Turntable bearing ball source?

I have some experience for this work, but a single unit is more trouble than the effort.
See posts # 6 & 13 in this thread.

My suggestions are practical, and do not involve a complex calculation that ends up specifying a particular grade of lubricant to be made for one job.

I did all this in grad school, designing gears and bearings, among other machine elements.
Still have my design handbooks: Lingaiah and Iyengar, both volumes.
Finished grad school in 1989.

Is it enough to qualify as a person with the knowledge and experience to recommend a bicycle quality low speed bearing?
 
Again, I have no concerns to be raised with an off the shelve Lubricant.

With the modern approach to using Thermoplastic Parts in bearing housings and as the preferred material to exchange perished parts found in Vintage designs for bearing housings.
The Thermoplastic Materials with the latest composition are usually improved on as a material that is suitable for low temperature environments.
When the exchange part is produced, as a part to work in a bearing that generates low revolutions for the axial, the range of viscosities available in
Silicone Oils, will offer a ideal viscosity for use in the bearing housing when working with Thermoplastics and Low Temperatures, the Silicone Oil is a lubricant type worth considering.

A Producer of performance cycles who is based in Germany has recently learnt off and commenced with adopting the approach of using modern design materials for their owned vintage TT's.

The Plinth design is complete, and I have had parts produced in Torlon for them and others with the same models, to enable them to swap out the original Sintered Bronze Housing Liners.
There is very useful information available as well, on how to produce a Base to the Bearing Housing that retains lubricant.
There is also a redesign for the Thrust Pad Interface and there are produced parts for the design for the thrust pad, along with the exchange of the base of the Spindles Steel interference fit ball, to a low co-efficient of friction alternative.

On one of the Vintage TT's an additional design is also in place to be used as an anchor point and reduce flexion that impacts on the Spindle Rotation.

The reports returned by the individuals that have completed the entirety of the modifications and subsequently carried out comparisons to a unmodified TT of the same model, in the same plinth > tonearm > cartridge are quite encouraging, and the small costs incurred to produce the mod's seem to have yielded very large improvement and worthwhile to be made known.
 
No Secrets, the information is freely available.
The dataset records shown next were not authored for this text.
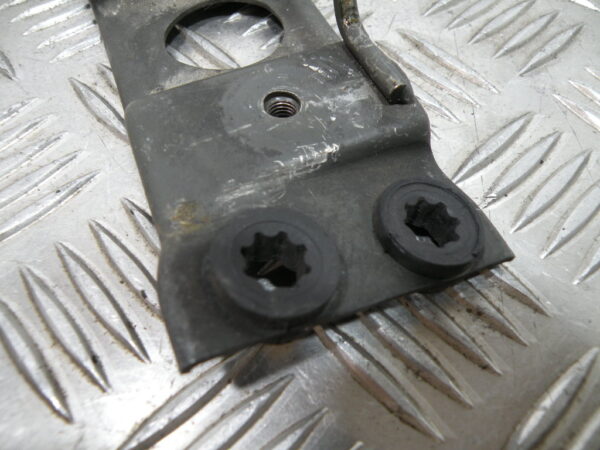 Support de réservoir SUZUKI BANDIT N 600 4t -2002-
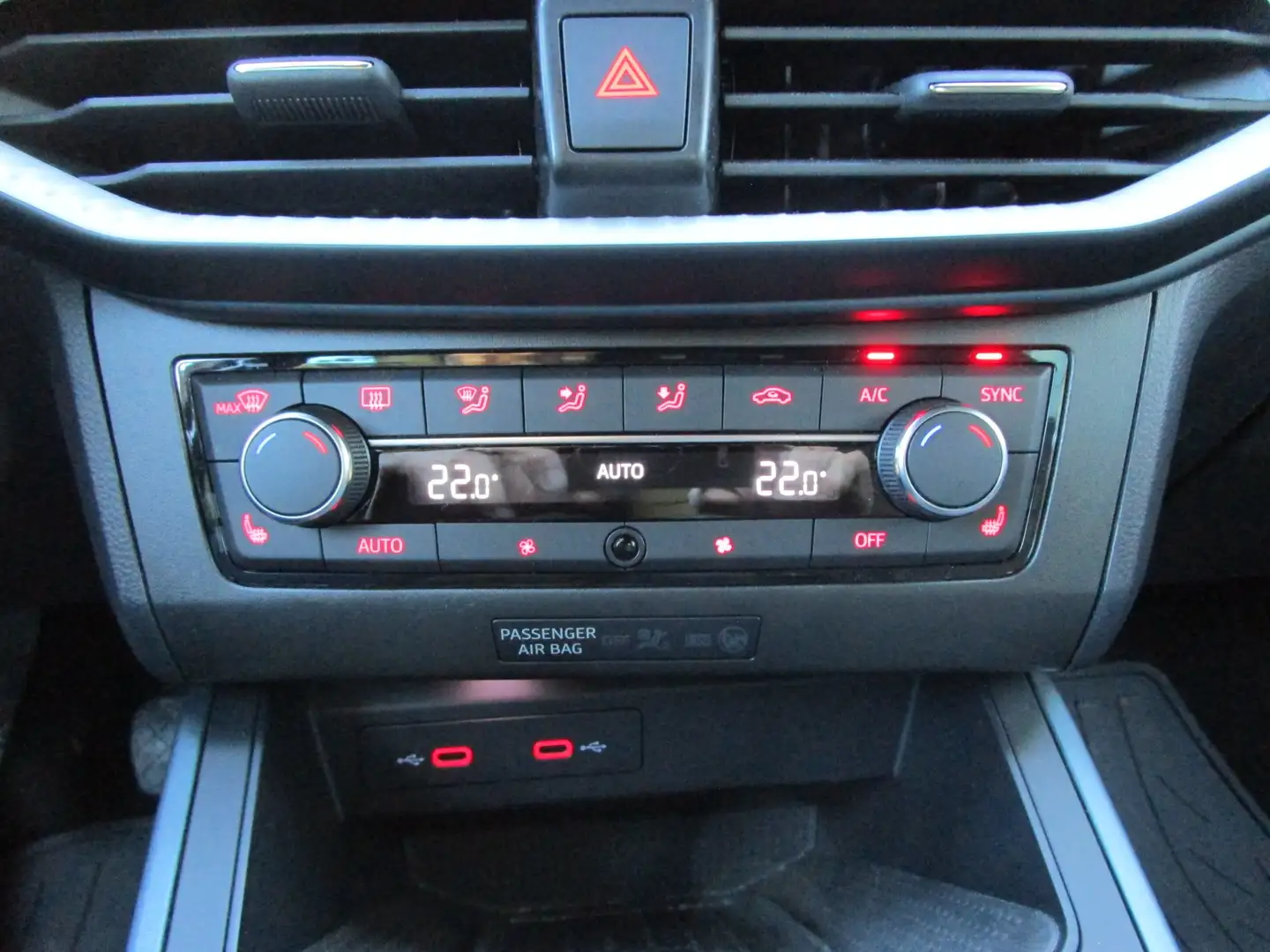 SEAT Arona Xperience Rot - 1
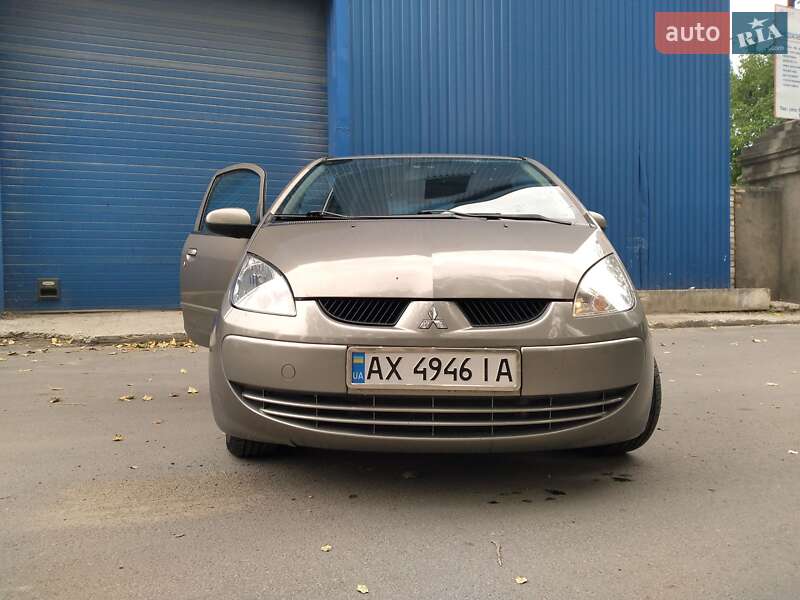 Mitsubishi Colt (2008)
To get the idea of how a modern thought process has been considered for a state of the art TT design look no further than the Kuzma Stabi R.
A Milled Chassis from Solid Aluminium Block, selected as the method to minimise flexion at the bearing housing mounting point, a Gem Stone Ball within the housing, used in place of a steel ball and low noise materials used for the other interfaces, which I am certain will be Thermoplastics of a composition that works best in a low heat environment.

There is a Company producing 401 Chassis from milled Aluminium Block for this same reason, and I am sure if I looked into their Bearing Housing design there will be a familiar list of materials chosen.

To see a similar concept in use for these designs where older bearing designs belonging to Vintage Models are modified to use modern materials, the Lenco Heaven forum is a great place to discover work undertaken, and as said a business that is offering complete exchange bearing housings for a variety of Vintage TT's can be found on here along with user reports on the assessment of the exchange.

My PTP Solid Nine also has the design incorporated to eliminate flexion of the chassis, as well as having attached to the chassis, the new bearing housing option that incorporates the modern materials referred to at the interfaces.

There are discussions on a wide variety of blogs and forums sharing information on this subject and showing completed work.
 
When an individual develops the interest in what the bearing assembly is looking like on a TT.
The simplicity of the procedures required to assess the condition and exchange a few sacrificial parts within a Bearing Housing whilst giving it an attention, such as a service is a very easy accomplishment.

The OP has already undertaken the first works to carry out a service and has supplied Photo Evidence of a discovery made, by Post 3 the suggestion to exchange the sacrificial part in the photograph is already made, which leads onto further discussion about options by different contributors.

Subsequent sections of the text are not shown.